Turning the signal-
to-noise ratio on its ear
Scientists Get Patent for "Noisy" Algorithms That Could Improve Mammography
January 06, 2010
by Brendon Nafziger
, DOTmed News Associate Editor
Scientists at Syracuse University recently received a patent for a series of algorithms that they say can cut down the number of false positives in digital mammography by more than a third. And they do it, paradoxically, by adding "noise."
In general, scientists hate "noise," messy interference that obscures the signal, or whatever target they're looking for.
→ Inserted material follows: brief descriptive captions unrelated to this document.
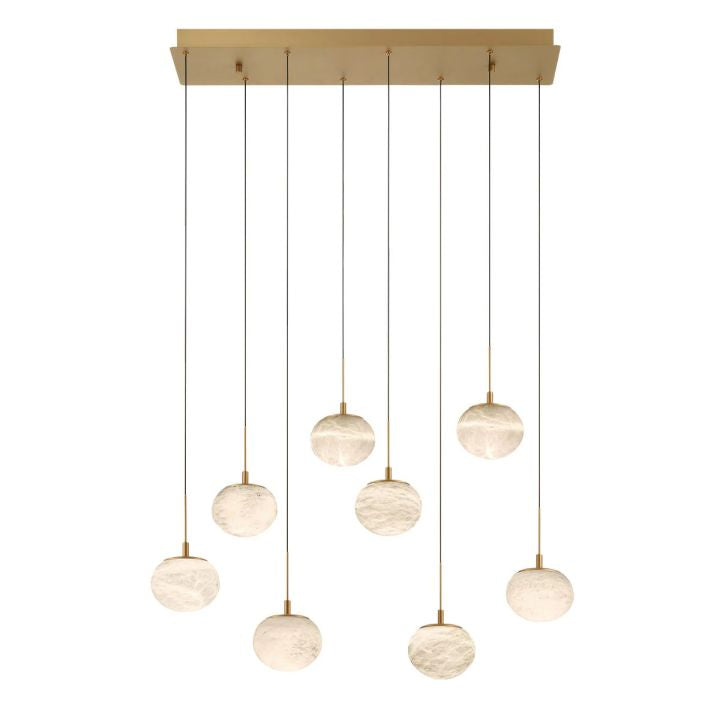 Cudor Alabaster Linear LED Chandelier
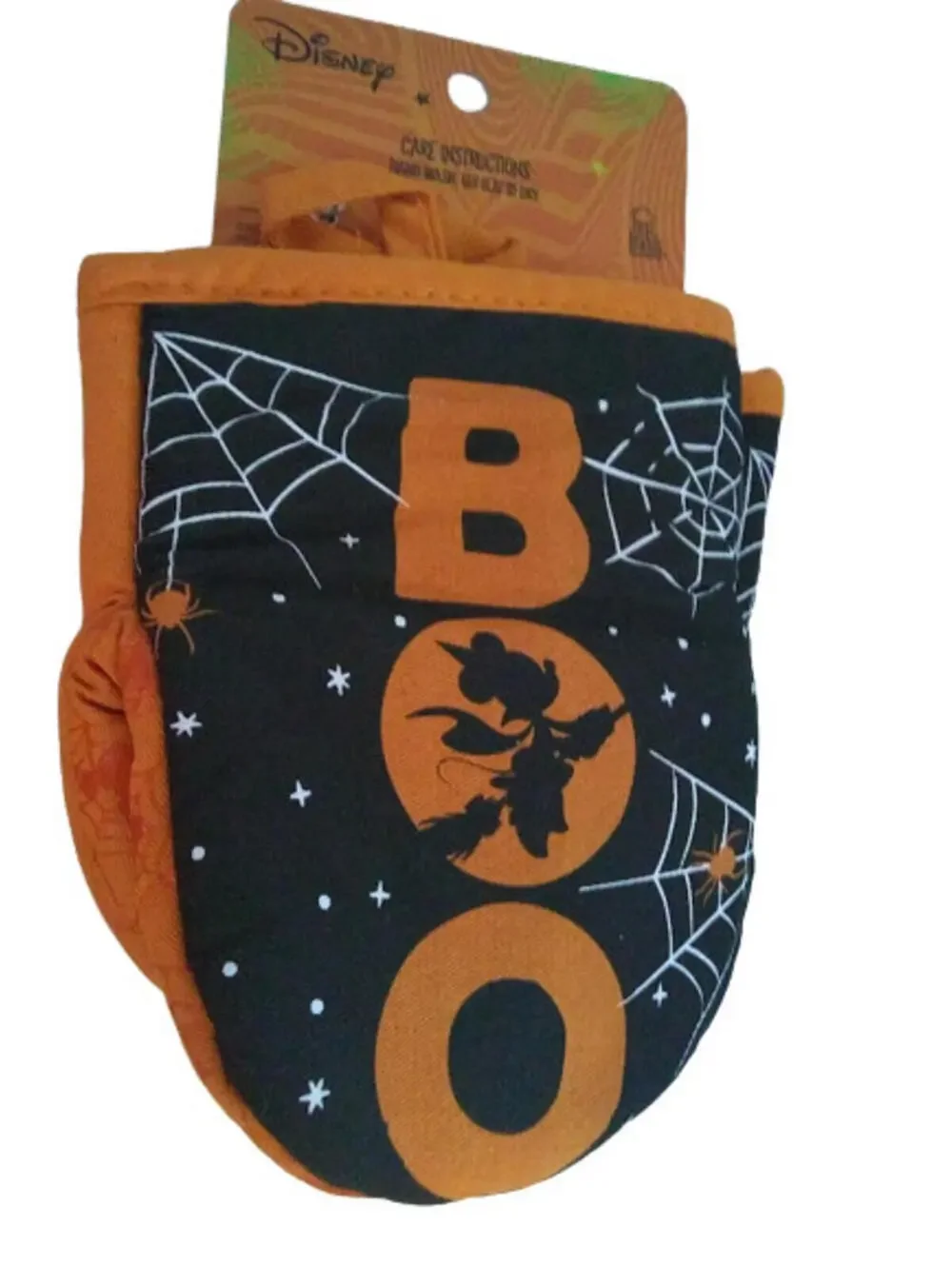 Disney Silicone Mini Oven Mitts Halloween Witch Minnie Mouse 2-Pack New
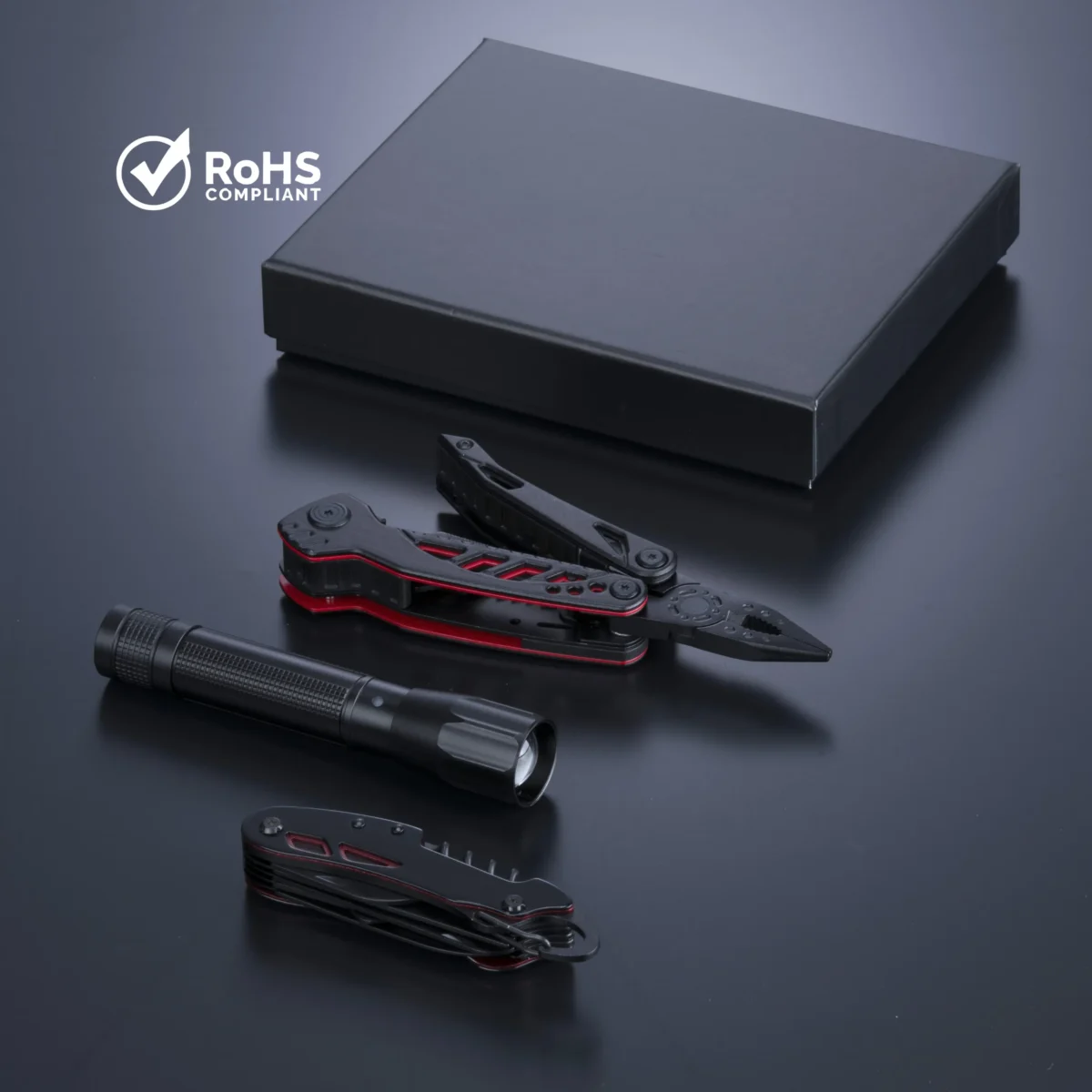 OPTIMA SET II: MULTITOOL, POCKET KNIFE, AND MEDIUM FLASHLIGHT - Image 1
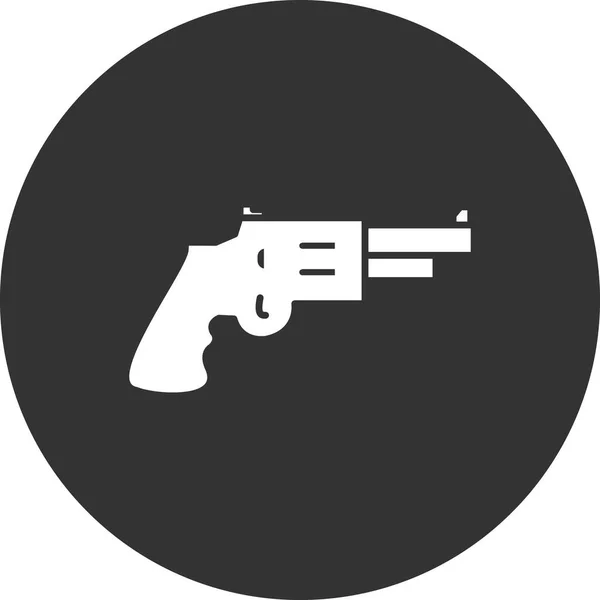 Pistola Icono Web Ilustración Simple — Vector de stock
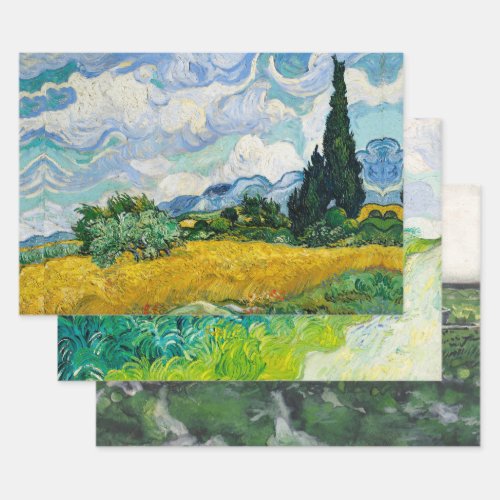 VAN GOGH PASTORALS HEAVY WEIGHT DECOUPAGE WRAPPING PAPER SHEETS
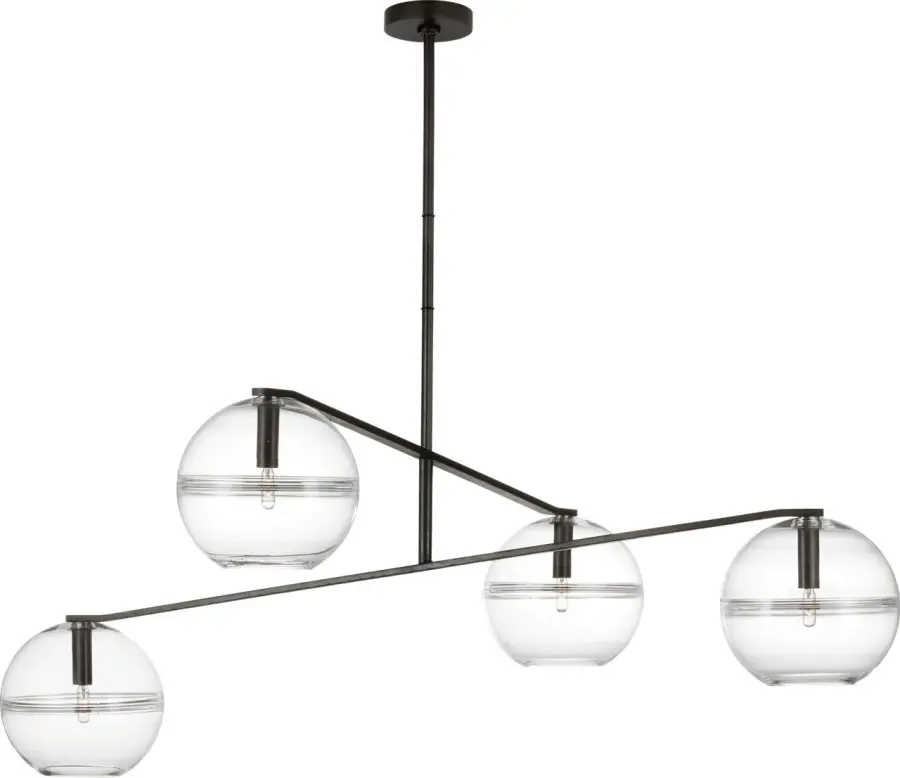 Sculptural Modern Chandelier with Artisan Glass Orbs - Image 3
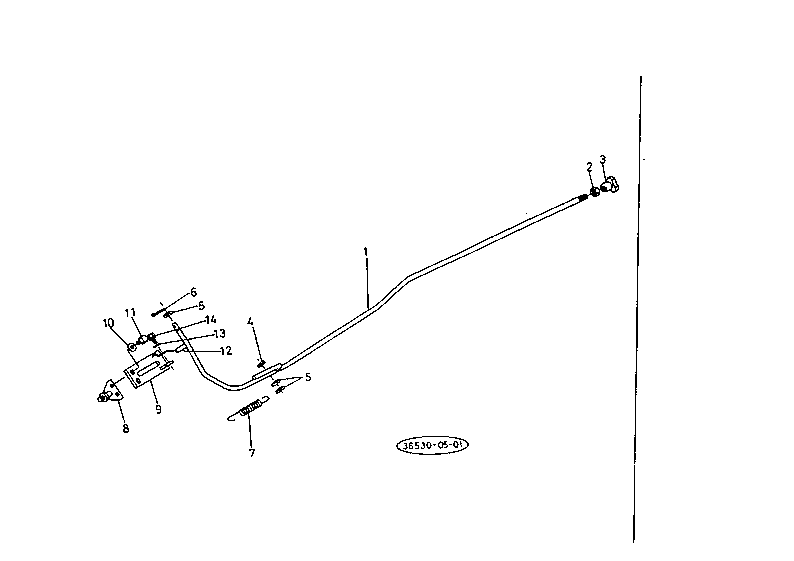 Engine Stop Rod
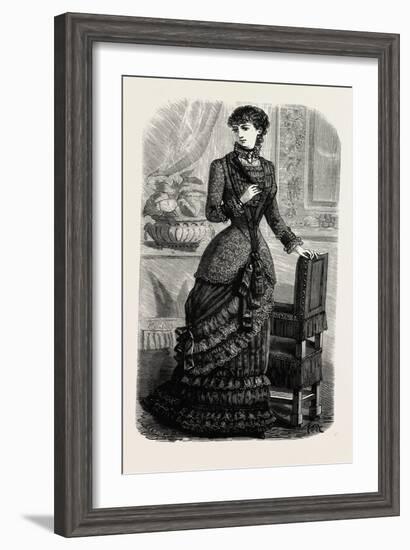 Demi-Evening Toilette, Fashion, 1882-null-Framed Giclee Print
But new research shows that some noise actually makes signals clearer, and the finding could have a big impact on detecting breast cancer.
The patented algorithms developed by the researchers depend on something called stochastic resonance. This phenomenon was first used to account for why small changes in the earth's orbit every 100,000 years can trigger massive changes in climate -- the ice ages.
Essentially, scientists reasoned that some signals too faint to reach a threshold for detection could actually pole-vault over if boosted by "noise." This is called random, or stochastic, interference. In the case of the ice ages, the "signal" is orbital variation of the earth, which by itself is too weak to cross the "threshold" of worldwide freezing. But coupled with "noise," the fluctuating bombardment of solar energy randomly heating the planet, and the signal has the capacity to cross the threshold and set off an avalanche of events that can lead to global winters, or so the theory goes.
"Basically, in our daily experience, if a signal is more noisy, it will be degraded," says Hao Chen, Ph.D., a research assistant professor in the electrical engineering and computer science department of the university, and one of the holders of the patents. "A noisy image looks much worse," he says.
"But for some other systems, under certain conditions, and there are lot of restrictions; but for some systems, if you make the input signal more noisy, then the output performance would be better. That's quite counterintuitive. Usually, we do a lot of de-noising before you process the data. But in this case, we do the opposite, we add noise to signal and make it more noisy, and somehow it improves the system performance," he says.
That is the case with certain nonlinear systems, like the earth's climate, but it also appears to be true with mammography.
Eliminating false positives
Thanks to several grants from the Air Force Office of Scientific Research, Chen and his colleagues Pramod Varshney and James Michels, also professors at Syracuse, did the research that led to the 2006 filing of the patent. But it wasn't until 2009 that, with doctoral student Renbin Peng, they published in the Journal of Selected Topics in Signal Processing how their system can help find breast cancer.
What Peng and the team did was to look at digital mammograms of breasts with tiny calcifications measuring some 0.3 millimeters in size. They then ran a series of publicly available algorithms known to detect and mark breast cancer on digital mammograms. When they matched these markings against ones made by their "noise" adding algorithms, they found the stochastic resonance-based program was much less likely to mistake benign growths for deadly tumors.
With their detectors, there was a 36 percent reduction in false positives, even though the sensitivity -- the ability to detect real cancers -- was the same or better than for other systems.
"It's just a prototype," says Chen, "but we demonstrated some potential. We believe it can be applied to a broad spectrum of applications, such as cochlear implants or systems to improve touch."
As for offers from OEMs, Chen says he's open, and some inquiries have already been made through an office at the university.
"We were hoping that someday we can collaborate with some companies to actually make a product that will be beneficial for society," he adds.